Task details: Reproduce the entries that follow exactly. No picture should appear in the result.

Material for this task:
--- START ---
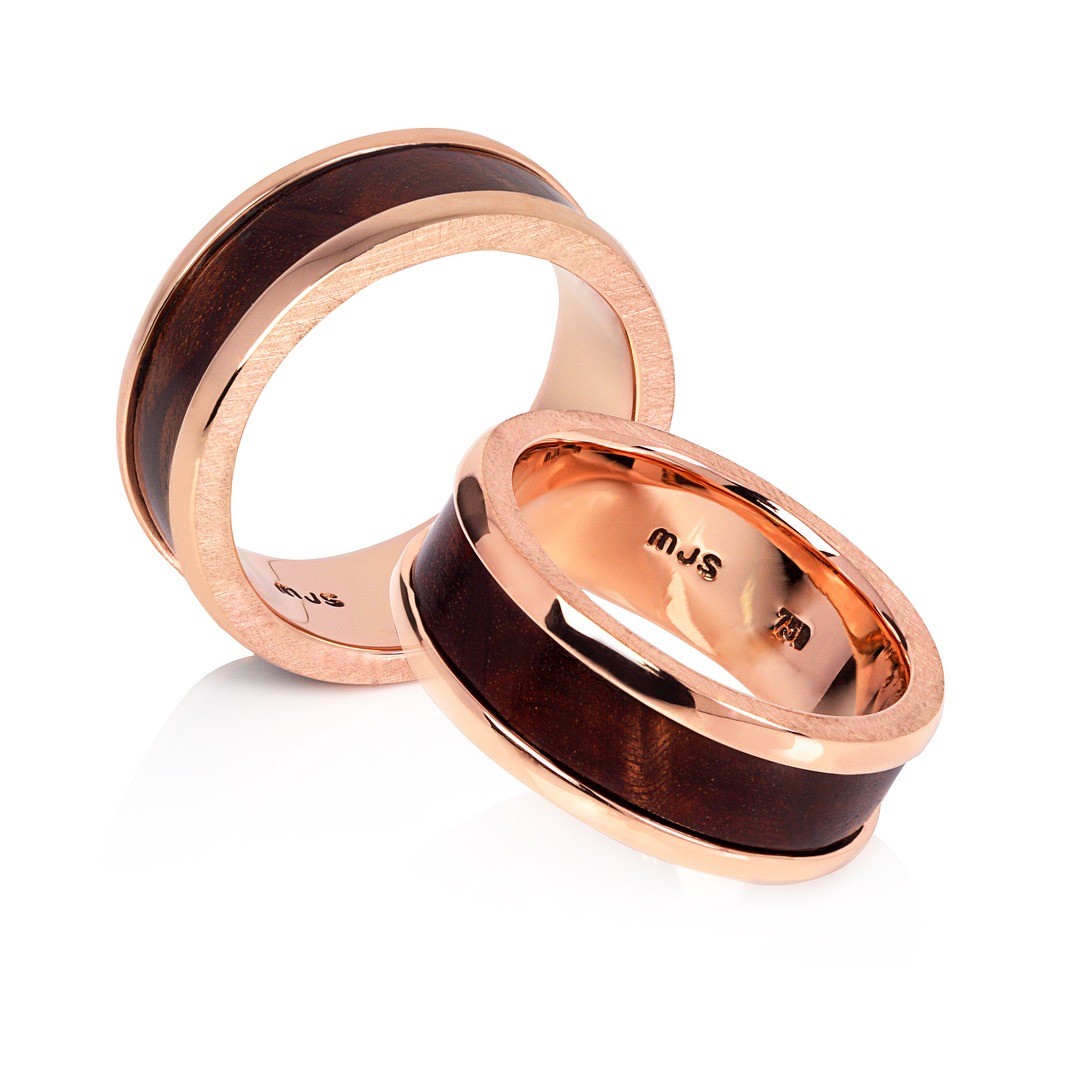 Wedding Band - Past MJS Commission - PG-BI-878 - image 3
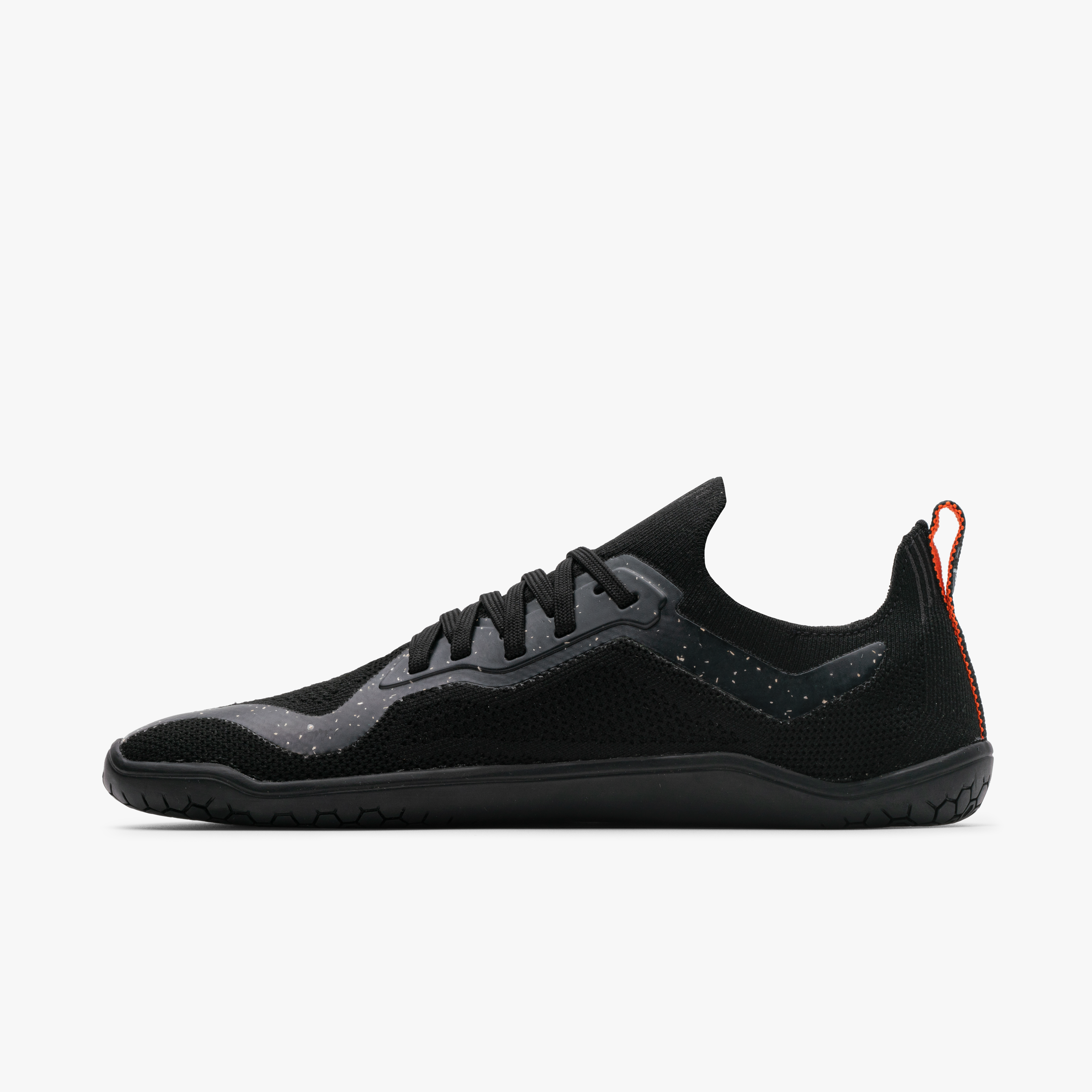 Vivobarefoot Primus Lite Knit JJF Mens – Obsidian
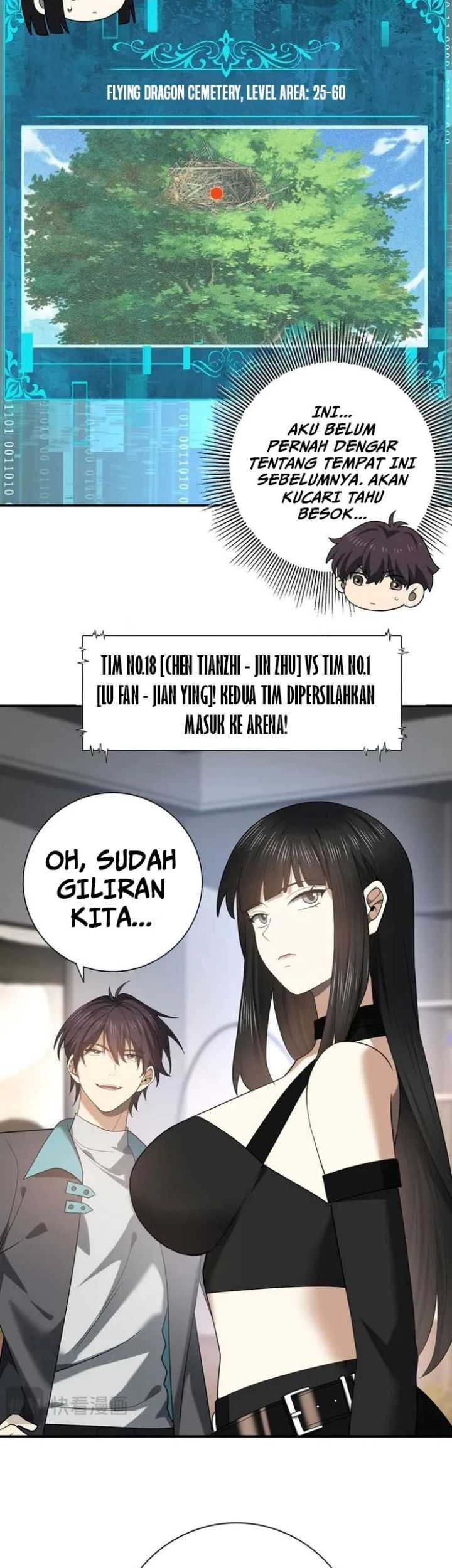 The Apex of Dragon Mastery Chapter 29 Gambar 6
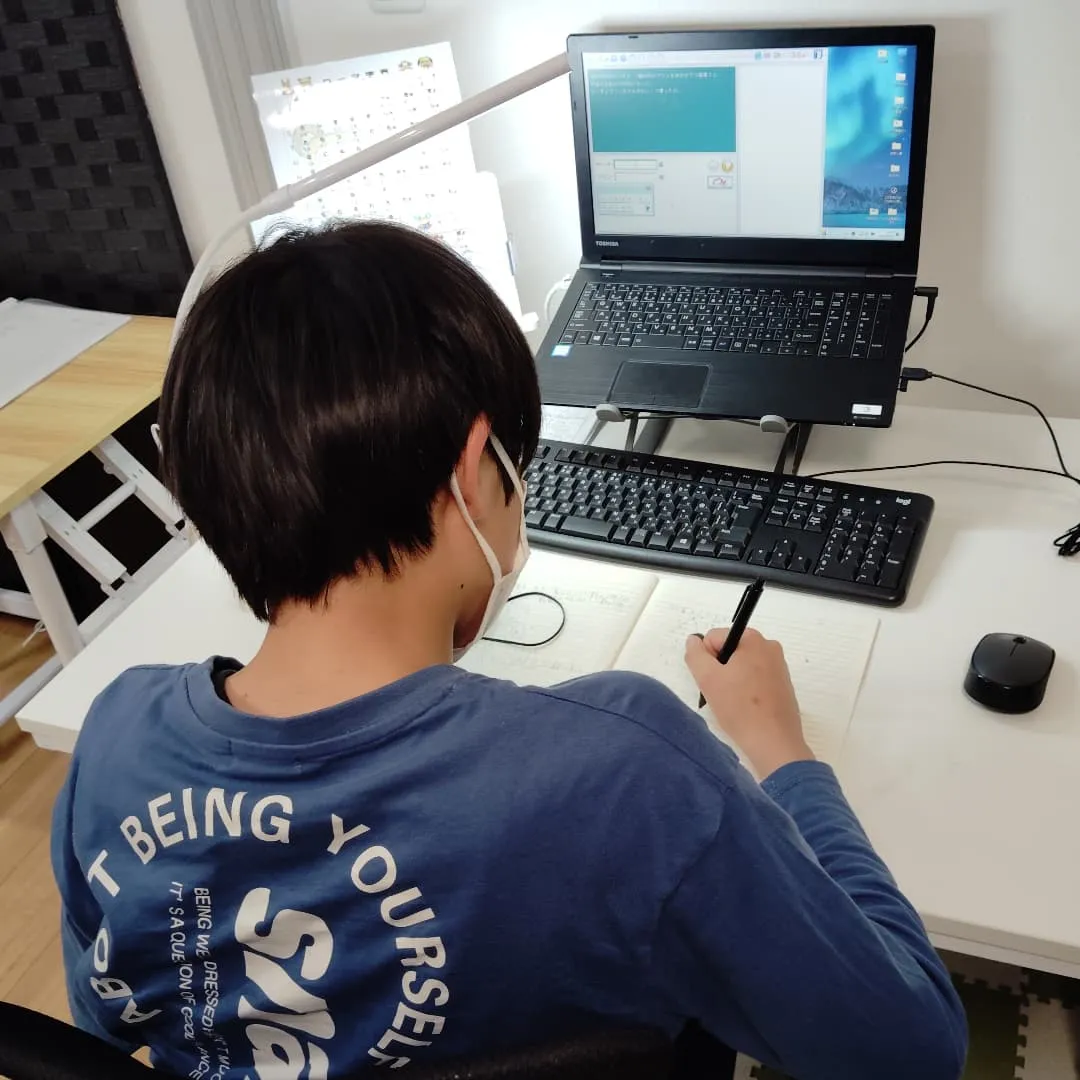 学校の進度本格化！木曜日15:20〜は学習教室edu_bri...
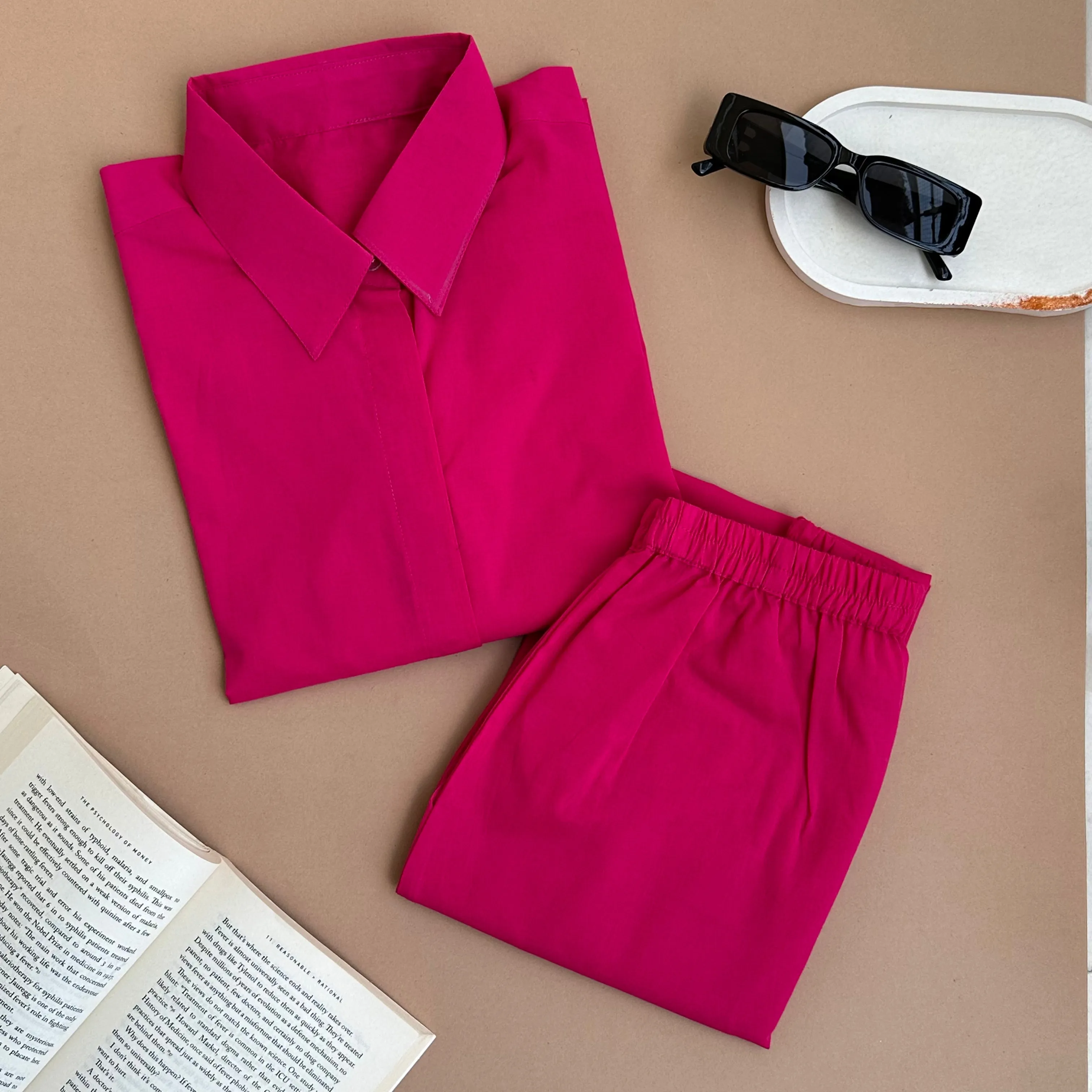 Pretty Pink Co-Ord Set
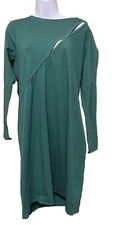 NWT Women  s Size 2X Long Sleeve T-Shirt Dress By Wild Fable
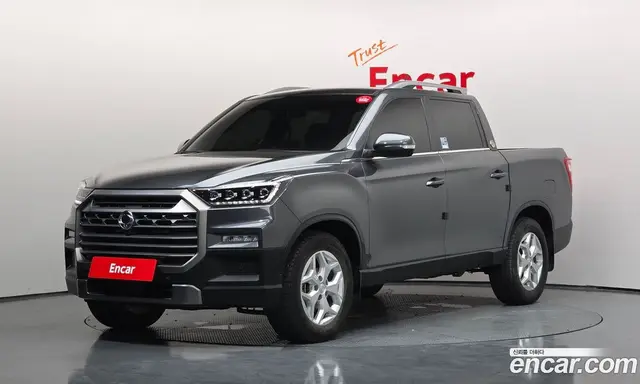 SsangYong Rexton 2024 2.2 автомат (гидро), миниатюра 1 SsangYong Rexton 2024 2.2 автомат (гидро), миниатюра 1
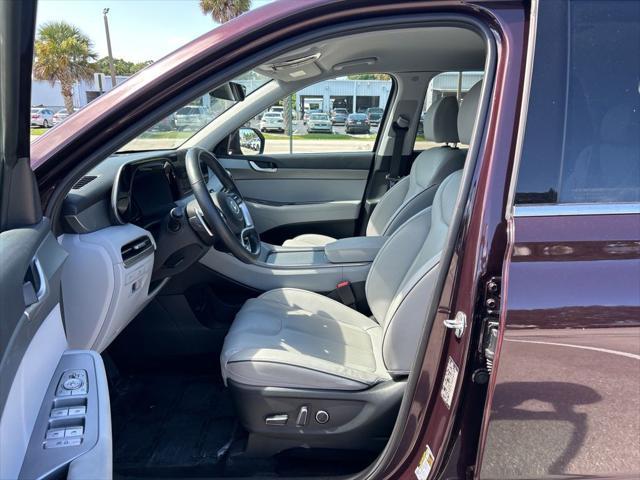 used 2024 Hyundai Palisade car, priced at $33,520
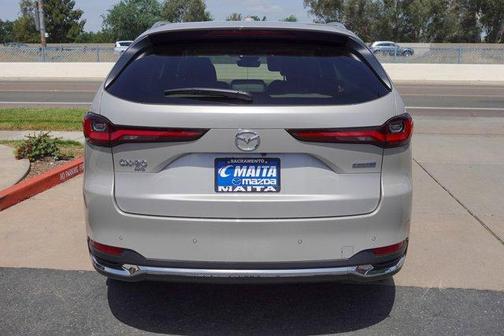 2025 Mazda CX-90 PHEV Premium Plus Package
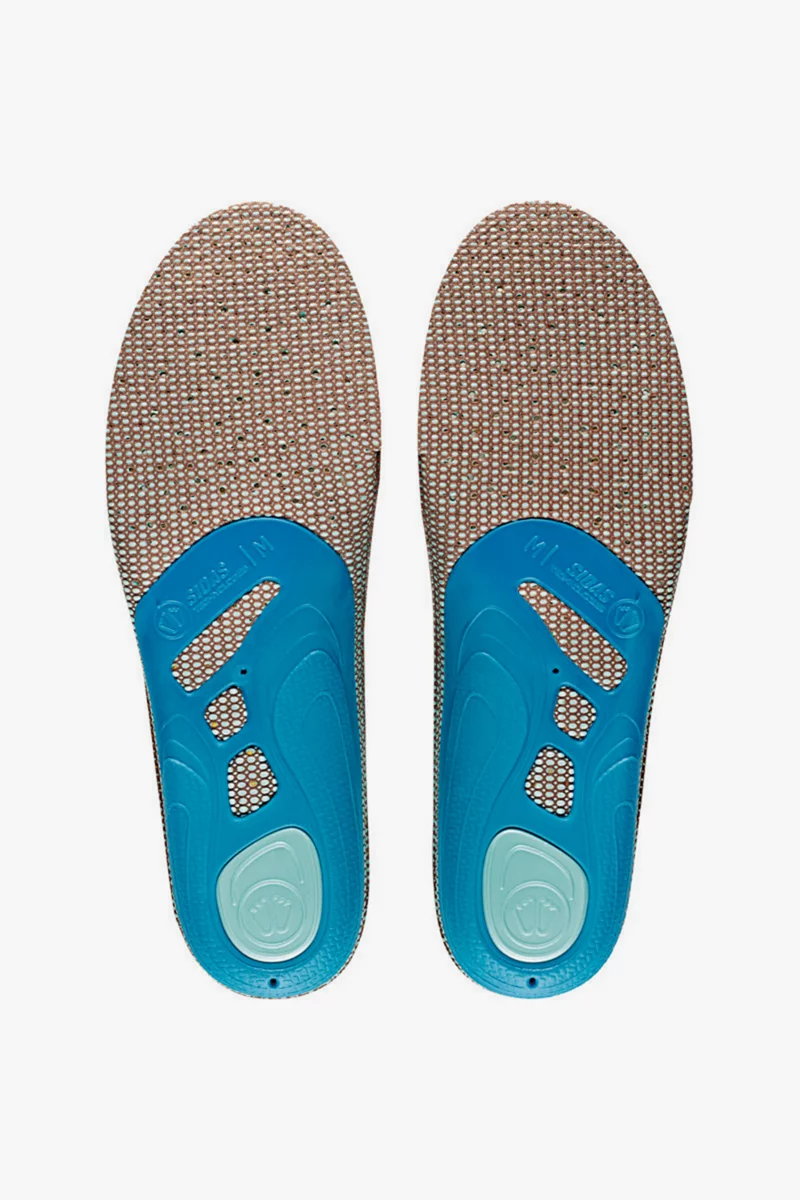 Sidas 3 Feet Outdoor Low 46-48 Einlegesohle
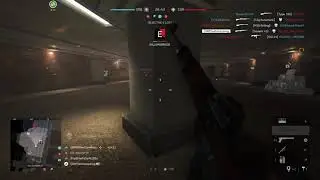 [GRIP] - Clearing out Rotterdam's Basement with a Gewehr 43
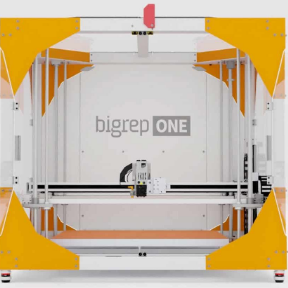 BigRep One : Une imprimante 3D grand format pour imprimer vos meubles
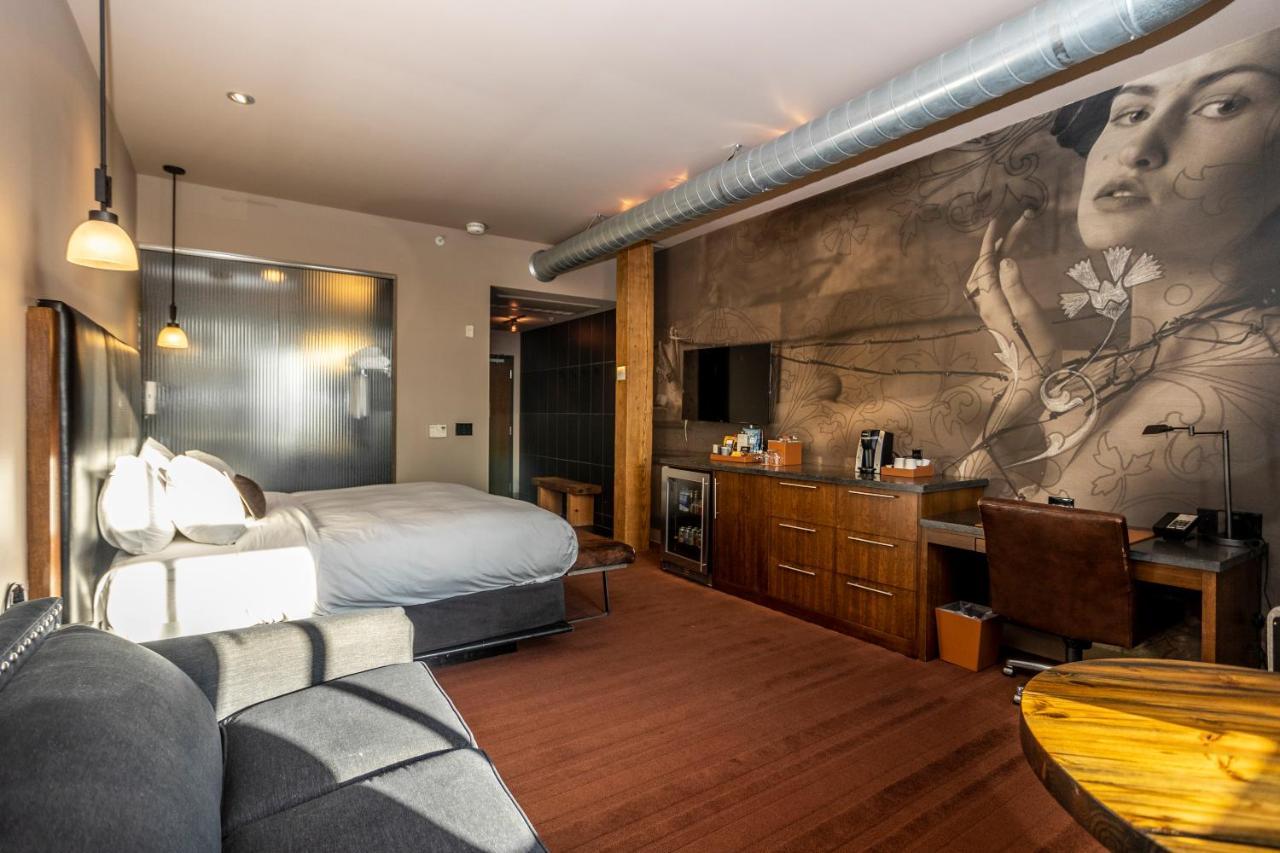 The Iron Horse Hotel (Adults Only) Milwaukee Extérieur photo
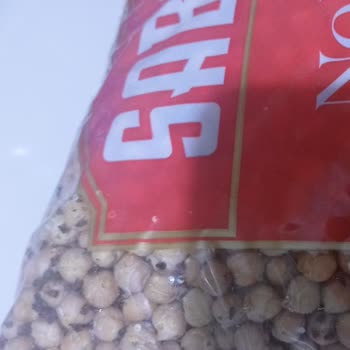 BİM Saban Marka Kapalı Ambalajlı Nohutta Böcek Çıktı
--- END ---
Response to the task:
 Wedding Band - Past MJS Commission - PG-BI-878 - image 3
 Vivobarefoot Primus Lite Knit JJF Mens – Obsidian
 The Apex of Dragon Mastery Chapter 29 Gambar 6
 学校の進度本格化！木曜日15:20〜は学習教室edu_bri...
 Pretty Pink Co-Ord Set
 NWT Women  s Size 2X Long Sleeve T-Shirt Dress By Wild Fable
 SsangYong Rexton 2024 2.2 автомат (гидро), миниатюра 1 SsangYong Rexton 2024 2.2 автомат (гидро), миниатюра 1
 used 2024 Hyundai Palisade car, priced at $33,520
 2025 Mazda CX-90 PHEV Premium Plus Package
 Sidas 3 Feet Outdoor Low 46-48 Einlegesohle
 [GRIP] - Clearing out Rotterdam's Basement with a Gewehr 43
 BigRep One : Une imprimante 3D grand format pour imprimer vos meubles
 The Iron Horse Hotel (Adults Only) Milwaukee Extérieur photo
 BİM Saban Marka Kapalı Ambalajlı Nohutta Böcek Çıktı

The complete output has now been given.